▶ _Records supplied_:

◇ ◇ ◇

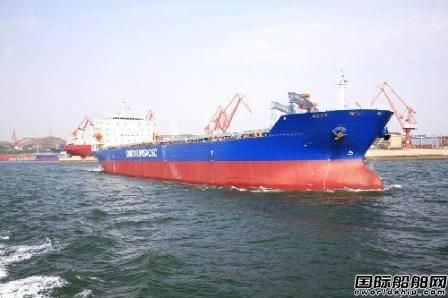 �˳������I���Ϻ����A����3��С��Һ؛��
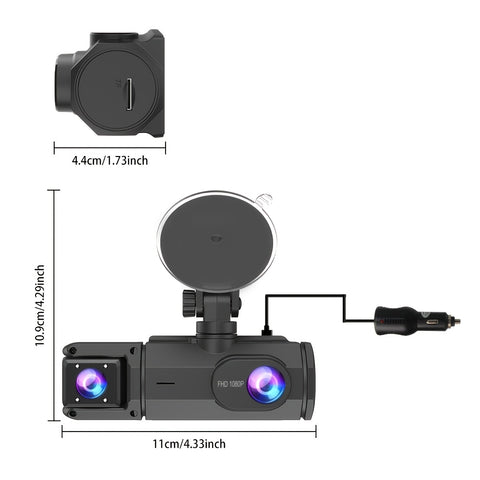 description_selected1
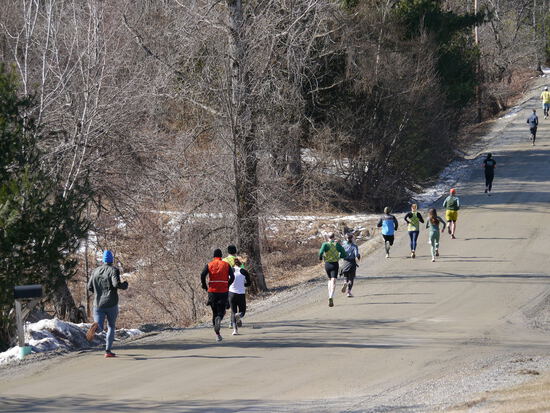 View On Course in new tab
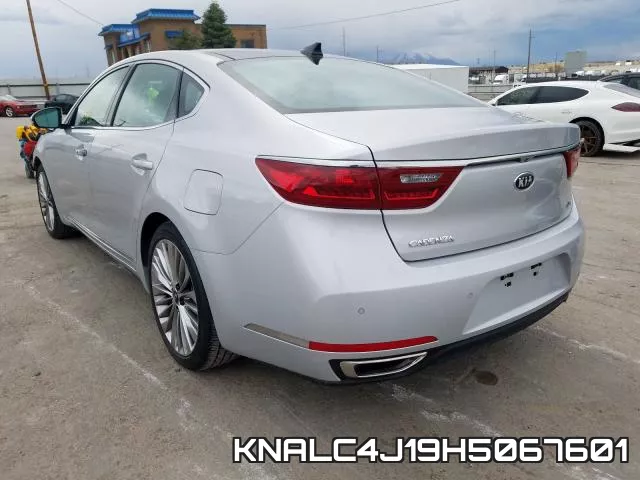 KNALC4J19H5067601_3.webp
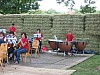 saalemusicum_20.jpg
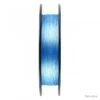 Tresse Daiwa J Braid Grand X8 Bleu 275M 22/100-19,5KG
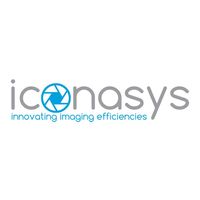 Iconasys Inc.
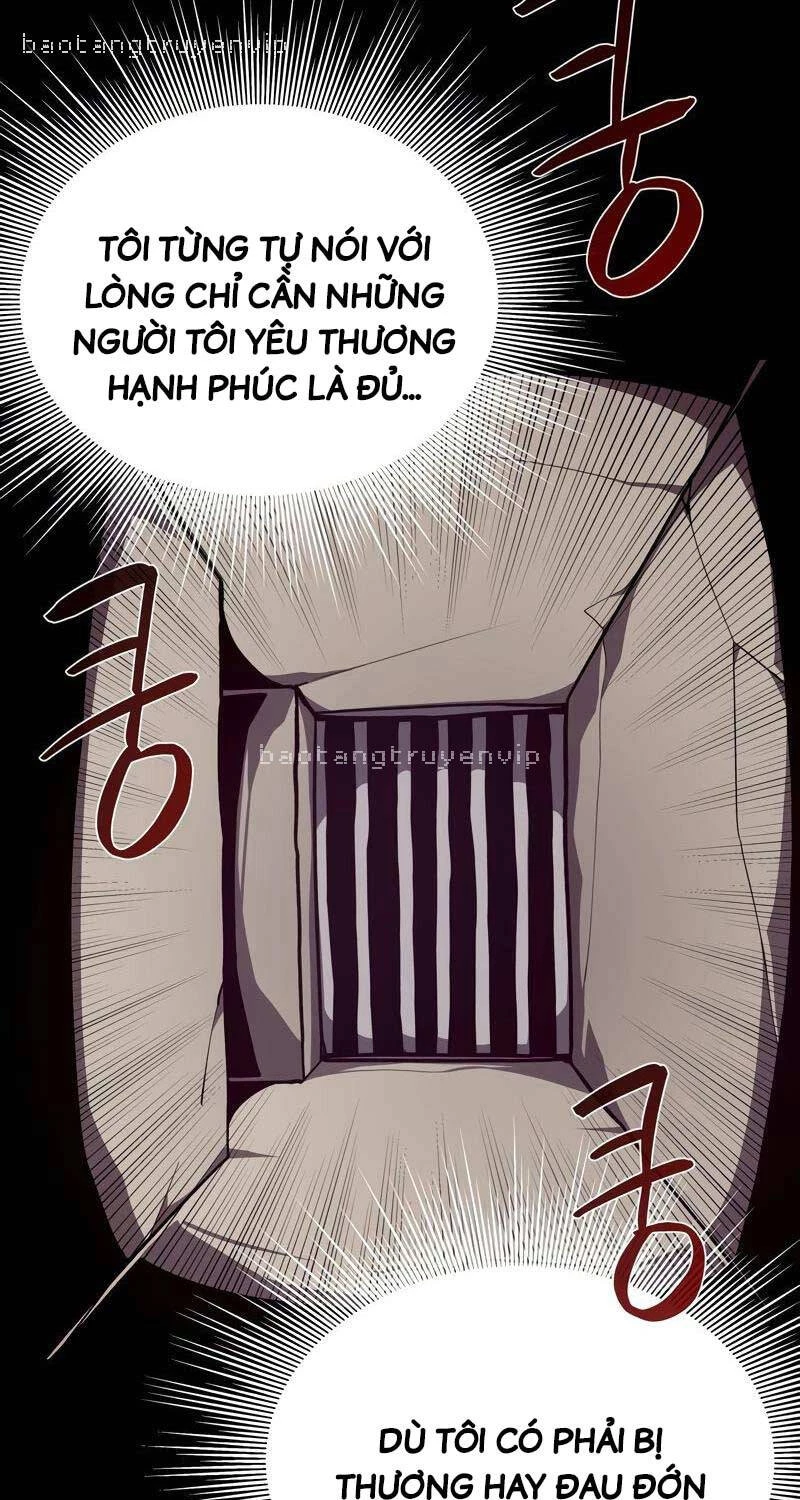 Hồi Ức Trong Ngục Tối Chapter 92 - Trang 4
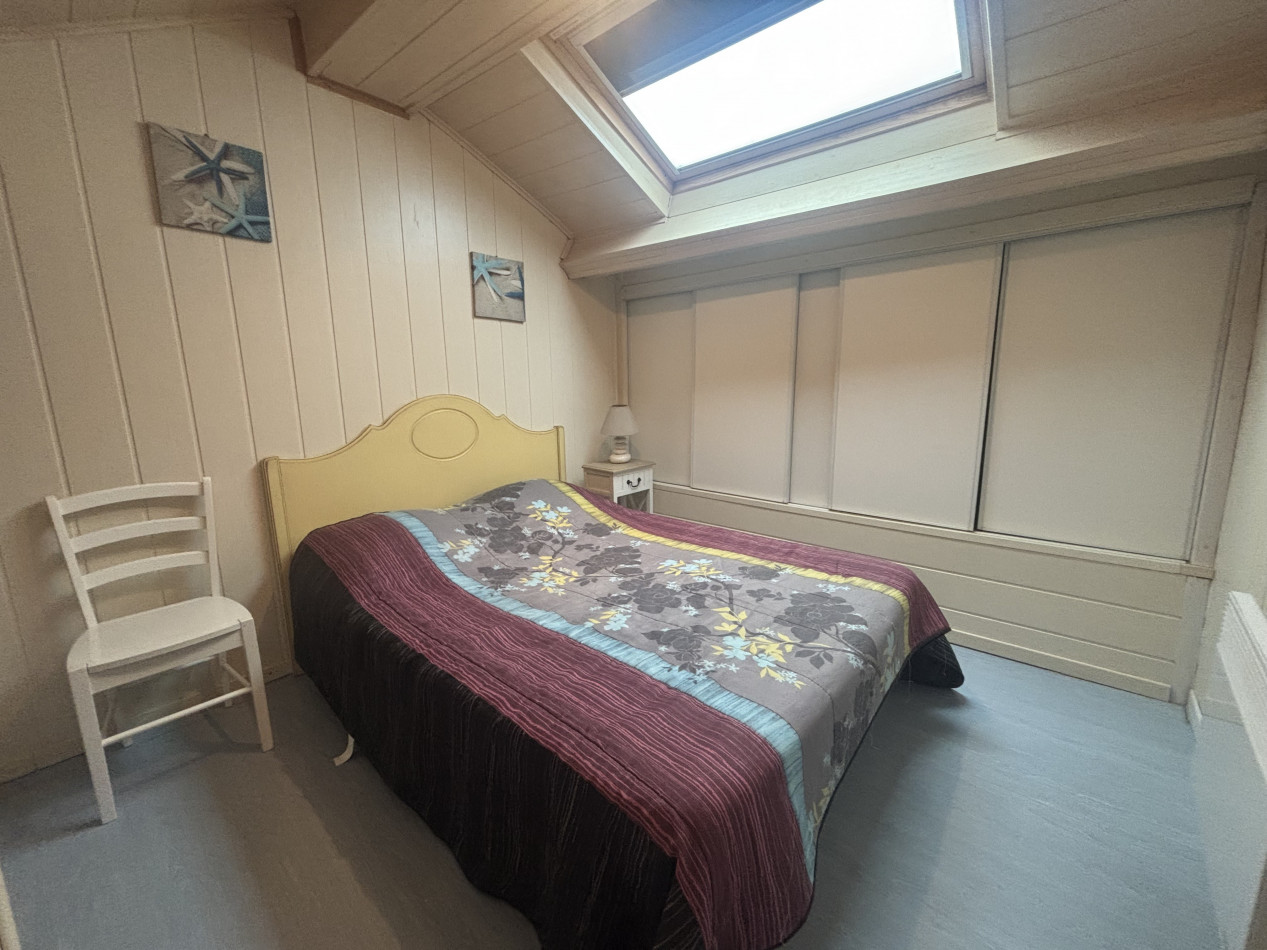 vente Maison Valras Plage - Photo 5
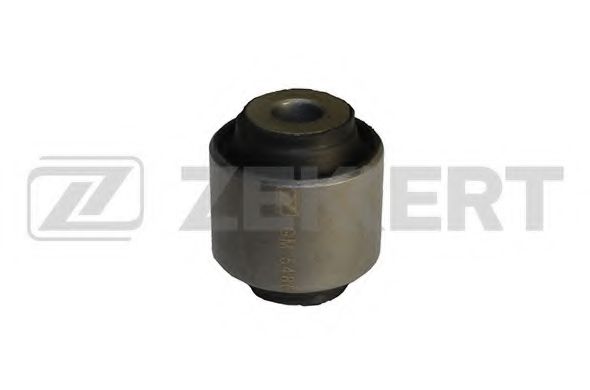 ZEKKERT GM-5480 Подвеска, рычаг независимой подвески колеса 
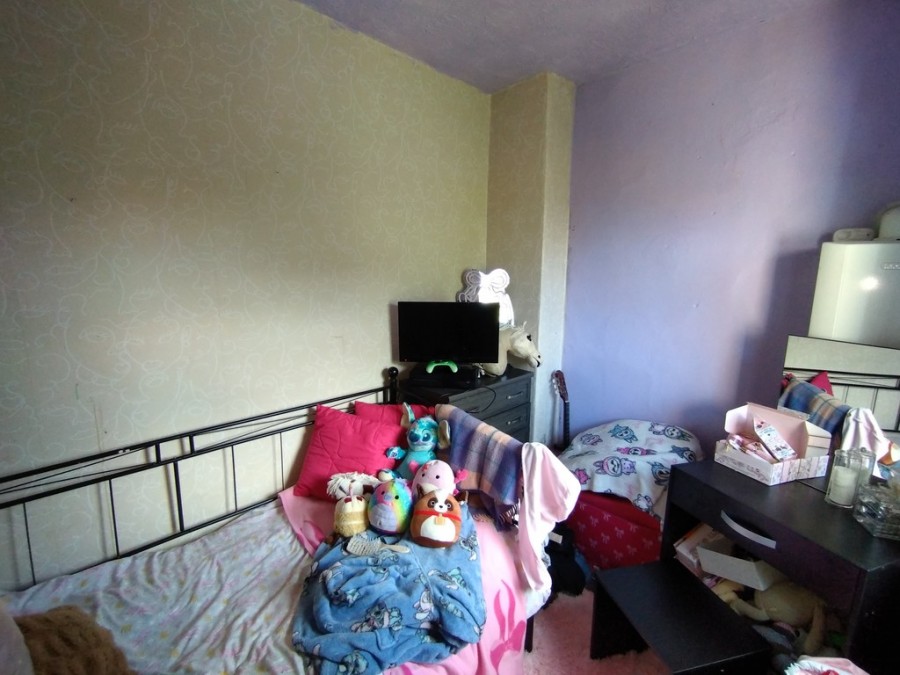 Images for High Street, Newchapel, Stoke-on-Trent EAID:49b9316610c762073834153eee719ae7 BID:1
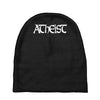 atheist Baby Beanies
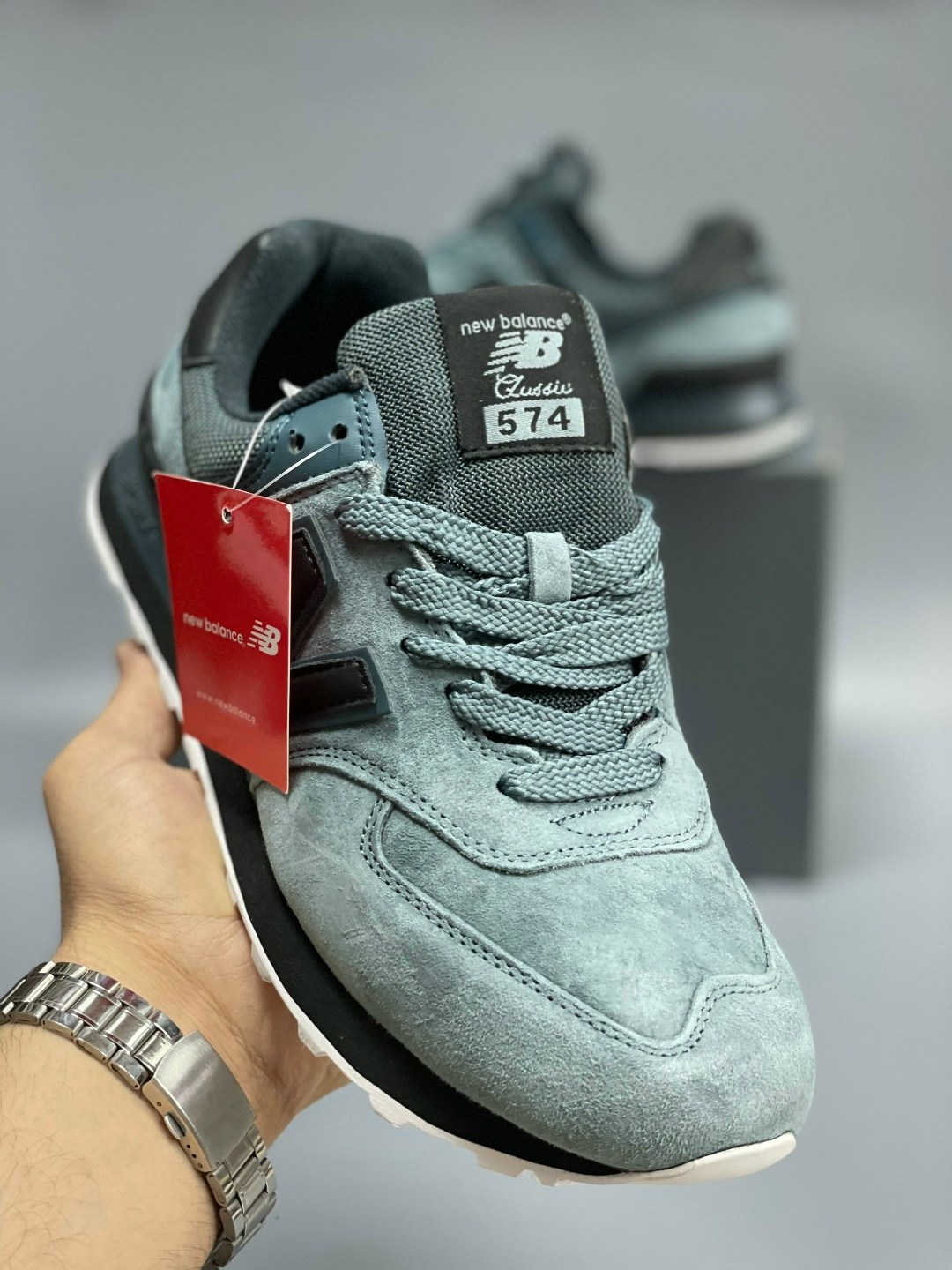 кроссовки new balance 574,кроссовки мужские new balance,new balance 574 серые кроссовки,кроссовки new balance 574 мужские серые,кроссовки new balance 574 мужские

◇ ◇ ◇

▶ _Goal of the exercise_:
What is needed is an exact retyping of the lines from the start of the data through the line with "vente Maison Valras Plage - Photo 5", with both end lines kept and every picture left out.

▶ _Answer space_:
 �˳������I���Ϻ����A����3��С��Һ؛��
 description_selected1
 View On Course in new tab
 KNALC4J19H5067601_3.webp
 saalemusicum_20.jpg
 Tresse Daiwa J Braid Grand X8 Bleu 275M 22/100-19,5KG
 Iconasys Inc.
 Hồi Ức Trong Ngục Tối Chapter 92 - Trang 4
 vente Maison Valras Plage - Photo 5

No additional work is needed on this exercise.